Because the global condition elicited the most errors and the fastest RT (at least for the letter task), a correlation between errors and RT was conducted to determine whether there was a speed-accuracy trade-off. There was no correlation for the local condition, r (51) = .02, n.s., but a positive relation for the global condition, r (51) = .39, p < .005, that was restricted to the monolinguals, r (25) = .50, p < .01, with no correlation for bilinguals, r (26) = −.05, n.s. There is no apparent explanation for why faster monolinguals made fewer errors in the global conditions.

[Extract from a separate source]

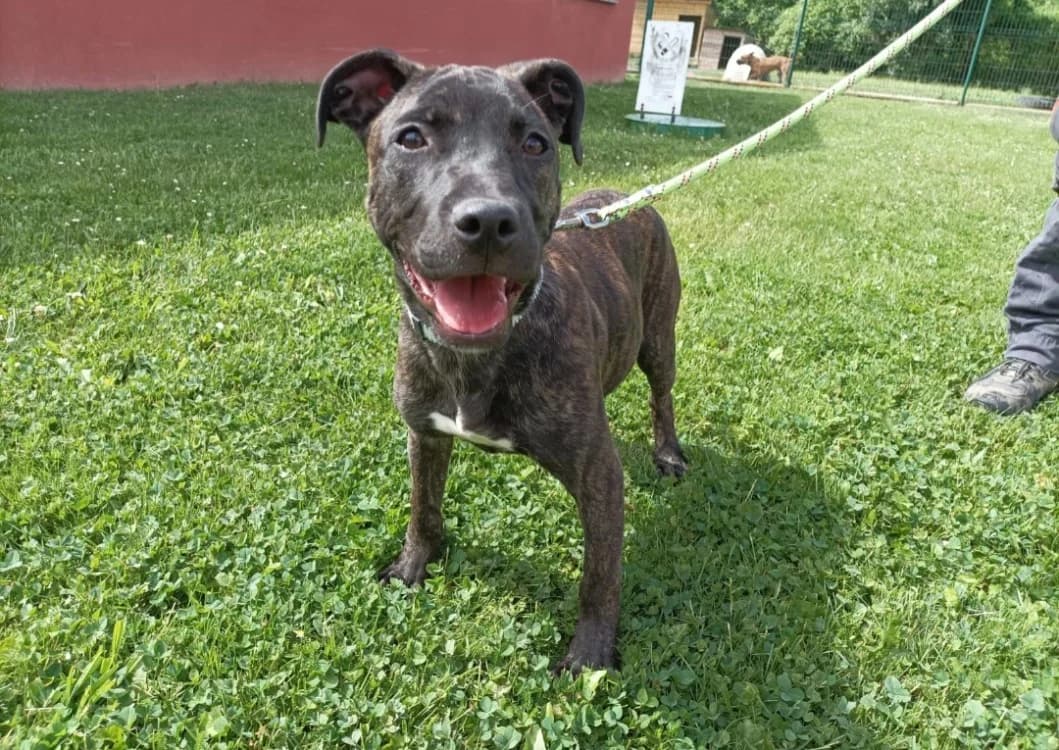 BITUME, male Mixed Breed for adoption at SPA Arras (Tilloy), Arras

The RTs for the three trial types were all different from each other, F (2, 98) = 36.01, p < .0001, all contrasts being significant. The order of difficulty in which congruent trials were fastest (M = 1162 ms, SD = 232), neutral trials next (M = 1268 ms, SD = 245), and incongruent slowest (M = 1318 ms, SD = 273) paralleled the order obtained for the error data. There was no interaction between trial type and any other factor, including language group.

The relationship between the TMT and global-local task was investigated by examining the correlations among their conditions. These correlations, reported in Table 4, show strong inter-correlations for all conditions. These relations are pursued in more detail across all three studies using regression analysis and are reported in the Results section of Study 3.

Table 4.

Correlation coefficients between Trails A and B and each of the three experimental trial types in Study 1 and Study 2.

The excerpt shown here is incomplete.